The protests were our household’s religion. But you had to have a lot of faith to practice our particular version. The strikes always dragged on and, it seemed, there was always need for another abortion march. Then in 1990, when I was in eighth grade, something miraculous happened. On a Sunday morning, my mother screamed upstairs for her four children to wake up: Nelson Mandela was being released from prison after 27 years in confinement. As the world improbably celebrates Mandela’s 95th birthday today, my mind flashes back to that morning, crowded around the television in my family’s Bronx living room, witnessing history.

It had been just four years earlier that Mandela’s South Africa would forever become part of my life. On a late December day in 1986, my parents took me to Queens to protest the killing of Michael Griffith, a young black man, by a mob of white youths. A week earlier, the gang had pummeled the 23-year-old Griffith with baseball bats, hurled insults his way, and chased him onto the Belt Parkway, where a car ran him down. As we marched through the streets of Howard Beach, hundreds of white residents streamed out of their homes onto the sidewalks, screaming racist epithets at us. A few of them thrust watermelons above their heads. We marched and shouted back, “Howard Beach, have you heard? This is not Johannesburg!”
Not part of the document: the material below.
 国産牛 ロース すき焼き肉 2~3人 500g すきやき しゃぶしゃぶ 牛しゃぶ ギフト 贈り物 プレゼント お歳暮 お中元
In South Africa, where leaders like Mandela were already locked up, the apartheid government had declared a State of Emergency to curb an increasingly defiant opposition. It banned certain political organizations, prohibited open-air gatherings, and sent the police and military into black townships to detain thousands of people. I’d seen the images daily on the evening news: peaceful protests broken up with tear gas, rubber bullets and baton charges. The violence seemed so far away—until the hatred in Howard Beach brought South Africa home, searing into my mind a connection that made the injustice a continent away seem more urgent.
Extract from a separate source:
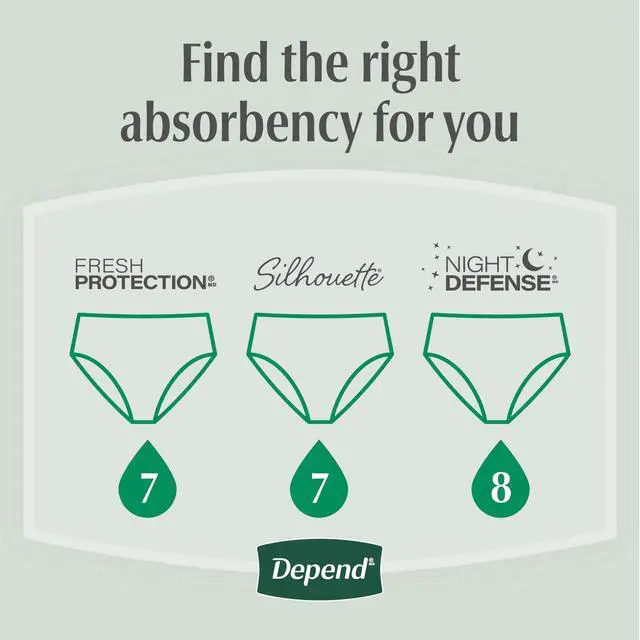 Alt view image 7 of 7 - Fresh Protection Adult Diapers, Incontinence Underwear for Women, Disposable, Maximum, Small, Blush, 80 Count (2 Packs of 40), Packaging May Vary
Now, improbably, Mandela had been released. A week later, I wrote an essay for my eighth grade English class about how the apartheid government couldn’t break Mandela. “Nelson Mandela’s lesson is that when we keep our spirit, our commitment and our sense of worth alive, we can and will succeed in finding beauty and meaning in life,” I wrote.
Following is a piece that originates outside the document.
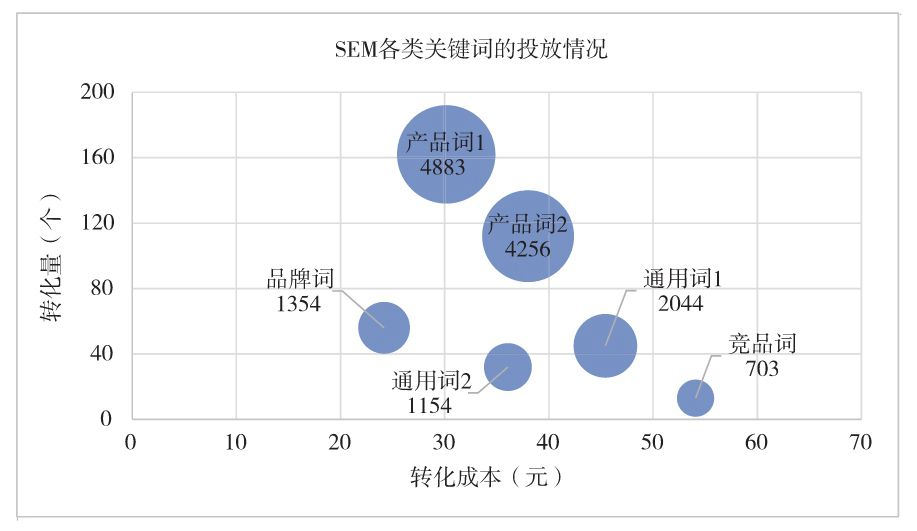 图3-15　SEM关键词的三维数据分析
Five months later, two important events in my life happened on the same day: I graduated from eighth grade, and Mandela visited the Bronx. It was part of his world tour to keep the pressure on the apartheid government.

At graduation, I gave a speech that exhorted my classmates to fight against injustice as Mandela had done. In my 14-year-old mind, history was a progressive, purposeful force. Mandela had been released and he would lead a South Africa defined by multi-racial cooperation and better lives for all. Later that night, I went with my family to hear him speak at Yankee Stadium. The repeated call and response of “Amandla…Ngawethu”—“the power…is ours,”—left us hoarse.

When I had the chance to study abroad during college, choosing a destination was easy. I picked South Africa and enrolled at the University of Fort Hare, the former missionary institution Mandela had once called home. I set out to follow in my childhood hero’s footsteps. I had no idea that the neat narrative of contemporary South African history I had constructed in my head with Mandela as the hero would turn out to be a lot more complicated.

I arrived at Fort Hare in January of 1997. As I entered my dorm room I saw posters hanging on the wall, but not of Mandela. Instead they were of Chris Hani, the former chief of staff of Umkhonto we Sizwe, the armed wing of the African National Congress, and Oliver Tambo, who led the ANC for more than 20 years. My South African classmates came in and immediately asked if I knew of the heroic roles these men had played in keeping hope for liberation alive while Mandela was in prison.

A few weeks after my arrival, voices singing in perfect harmony awakened me, followed shortly thereafter by banging on my door. I threw on a t-shirt and shorts and joined a group of 100 students as they marched across campus, singing protest songs. We waved tree branches in the air and I quickly learned the traditional protest dance known as the toyi toyi. We were singing the same songs that had become trademarks of the fight against apartheid. But now, three years after the election of Mandela, the target of the protests was not the departed apartheid government. The students were angry because many were being expelled from campus for their inability to pay tuition and fees. That was not supposed to happen in my vision of the new South Africa, the South Africa led by Mandela.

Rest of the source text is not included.